We advise our clients that their dogs should be on heartworm prevention medication each summer. Prior to this, our blood testing protocol does include heartworm screening, but since 2010 has also included screening for tick-borne illnesses, including Lyme Disease. Ticks are moving into Ontario with frightening speed, and bringing with them a host of potential diseases for both dogs and people. We feel that our spring blood testing protocol is an important step in helping to identify dogs with potential illness, and a way for us to recommend the best possible protection for an individual dog each summer.
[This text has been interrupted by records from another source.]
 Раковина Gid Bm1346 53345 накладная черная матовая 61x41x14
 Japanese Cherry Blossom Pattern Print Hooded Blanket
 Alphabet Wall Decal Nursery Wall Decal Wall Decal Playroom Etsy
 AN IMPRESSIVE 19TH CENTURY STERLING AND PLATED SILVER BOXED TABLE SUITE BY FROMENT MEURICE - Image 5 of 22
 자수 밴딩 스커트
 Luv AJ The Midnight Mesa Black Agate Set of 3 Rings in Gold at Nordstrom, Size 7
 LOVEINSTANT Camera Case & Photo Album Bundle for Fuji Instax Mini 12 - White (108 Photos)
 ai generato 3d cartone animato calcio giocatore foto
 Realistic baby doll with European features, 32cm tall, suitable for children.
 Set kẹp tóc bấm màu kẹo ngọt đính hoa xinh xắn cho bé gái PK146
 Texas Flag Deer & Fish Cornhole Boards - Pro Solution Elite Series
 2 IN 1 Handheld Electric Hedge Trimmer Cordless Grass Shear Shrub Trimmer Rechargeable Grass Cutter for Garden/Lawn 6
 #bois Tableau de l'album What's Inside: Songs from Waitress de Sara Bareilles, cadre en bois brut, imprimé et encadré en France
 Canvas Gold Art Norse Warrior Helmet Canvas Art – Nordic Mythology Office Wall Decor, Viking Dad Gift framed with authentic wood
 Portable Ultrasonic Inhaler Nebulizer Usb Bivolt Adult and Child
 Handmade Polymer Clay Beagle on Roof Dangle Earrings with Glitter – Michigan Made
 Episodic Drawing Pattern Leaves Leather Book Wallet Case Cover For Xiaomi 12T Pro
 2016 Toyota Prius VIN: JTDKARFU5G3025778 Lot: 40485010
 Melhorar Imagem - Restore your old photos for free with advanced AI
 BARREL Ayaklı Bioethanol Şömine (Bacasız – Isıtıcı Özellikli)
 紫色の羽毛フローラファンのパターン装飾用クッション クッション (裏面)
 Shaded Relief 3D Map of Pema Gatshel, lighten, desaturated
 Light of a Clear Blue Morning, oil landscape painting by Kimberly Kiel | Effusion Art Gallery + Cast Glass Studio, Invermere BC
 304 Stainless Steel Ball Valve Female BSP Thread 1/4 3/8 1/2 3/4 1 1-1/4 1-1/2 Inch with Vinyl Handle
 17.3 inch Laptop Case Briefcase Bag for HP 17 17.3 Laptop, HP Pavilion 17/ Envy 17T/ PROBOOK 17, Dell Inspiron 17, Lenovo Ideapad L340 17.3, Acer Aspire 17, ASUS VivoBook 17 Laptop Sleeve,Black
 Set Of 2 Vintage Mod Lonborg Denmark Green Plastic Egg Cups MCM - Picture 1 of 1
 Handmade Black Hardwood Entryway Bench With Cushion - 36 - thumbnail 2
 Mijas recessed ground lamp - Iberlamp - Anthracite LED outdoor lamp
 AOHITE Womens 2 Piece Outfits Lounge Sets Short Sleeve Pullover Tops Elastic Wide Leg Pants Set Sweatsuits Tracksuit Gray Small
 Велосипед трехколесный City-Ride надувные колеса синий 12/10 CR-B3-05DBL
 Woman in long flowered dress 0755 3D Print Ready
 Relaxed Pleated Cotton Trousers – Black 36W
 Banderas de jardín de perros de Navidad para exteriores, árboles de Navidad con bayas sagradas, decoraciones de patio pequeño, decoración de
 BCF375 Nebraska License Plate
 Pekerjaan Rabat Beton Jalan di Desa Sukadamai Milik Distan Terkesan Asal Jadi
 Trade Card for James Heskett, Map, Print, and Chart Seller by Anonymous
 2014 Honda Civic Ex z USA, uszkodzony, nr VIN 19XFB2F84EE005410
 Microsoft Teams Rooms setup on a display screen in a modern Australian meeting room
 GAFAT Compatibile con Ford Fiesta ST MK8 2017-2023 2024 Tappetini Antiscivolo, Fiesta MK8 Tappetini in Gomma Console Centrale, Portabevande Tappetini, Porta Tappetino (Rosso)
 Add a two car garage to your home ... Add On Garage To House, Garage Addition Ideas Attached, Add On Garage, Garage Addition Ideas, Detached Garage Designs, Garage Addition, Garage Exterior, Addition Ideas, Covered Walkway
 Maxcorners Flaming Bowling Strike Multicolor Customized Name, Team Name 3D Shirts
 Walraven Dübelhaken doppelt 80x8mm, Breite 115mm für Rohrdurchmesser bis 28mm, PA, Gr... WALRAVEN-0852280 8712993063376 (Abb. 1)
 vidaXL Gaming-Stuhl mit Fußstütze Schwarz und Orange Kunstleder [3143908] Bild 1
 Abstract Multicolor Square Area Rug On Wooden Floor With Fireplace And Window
The third scenario that Marketplace took issue with was one of ten vets who recommended a prescription weight loss diet to the Bulldog in question, who was admittedly not overweight. This morphed into the suggestion that veterinary prescription diets should not have a place in health care for pets.

Over the years, veterinarians have found that specific diets will help pets afflicted with certain diseases. In many cases, the use of nutrition as a treatment means that an animal does not have to go on costly medications to control their medical issues. We do recommend a wide range of therapeutic diets, just as a human doctor might for conditions such as diabetes mellitus, food allergies, kidney or liver failure or weight loss.  This just makes sense.  And, we do use foods supplied to us by companies that have done the necessary scientific trials and safety testing that give us confidence that the foods will be successful in helping us to reach our goals. One of the scariest things about pet care in Canada at the current time is the poor regulation of pet foods found in grocery stores and pet stores. When we do recommend a prescription diet to a pet owner, it is with that animal’s best interests in mind.

On a similar note, Marketplace suggested that vets are scamming pet owners by providing medications through their own pharmacies rather than providing prescriptions to the pharmacies of their choice. They made the valid point that many medications are more expensive from your local vet than yours would be from your pharmacy. However, they neglected to note that many of our medications have been specifically formulated for pets and our knowledge of your pet’s health history means that there will not be any medication errors made.

The last issue to be discussed is that the ten vets who examined Marshall each came up with a slightly different recommendation for an eye issue. What was not made clear was the fact that Marshall seemed to have a chronic eye issue for which he was receiving treatment. On any given day, this would likely mean that his eyes would vary in appearance.

We would argue that one of the reasons that veterinary care exceeds human medical care is that veterinarians do a full examination of your pet each and every time that they come to us for any problem. When was the last time you had a physical exam at any doctor’s appointment? As our patients cannot talk to us, we use our eyes, ears and hands to try to identify problems or proclaim that pet to be healthy. It should be commended that each vet took the time to identify an eye problem and discuss this with the dog’s owner.  It is tough for us when an owner presents a pet that they deem to be healthy and we find a problem such as an abdominal mass, heart murmur or obesity. But this is our job.

Some final thoughts…

Please remember that we encourage our clients to question us and understand the recommendations that we are making for your pet. Do not be afraid of the white coat!

Pet ownership is a privilege that comes with expenses.  In some cases, these may be extensive when accidents or illnesses occur. Pet owners should anticipate and budget for annual costs, or consider wellness plans for their pets. We also recommend pet health insurance as a key to protecting families when problems do occur. Even our vets have health insurance for their pets!

We hope that all of our clients are pleased with the care that their pets receive. We practice medicine with a very high standard of care, with a fully-equipped hospital and a highly qualified team. We know that this is what our clients want for their pets, who are cherished members of their families.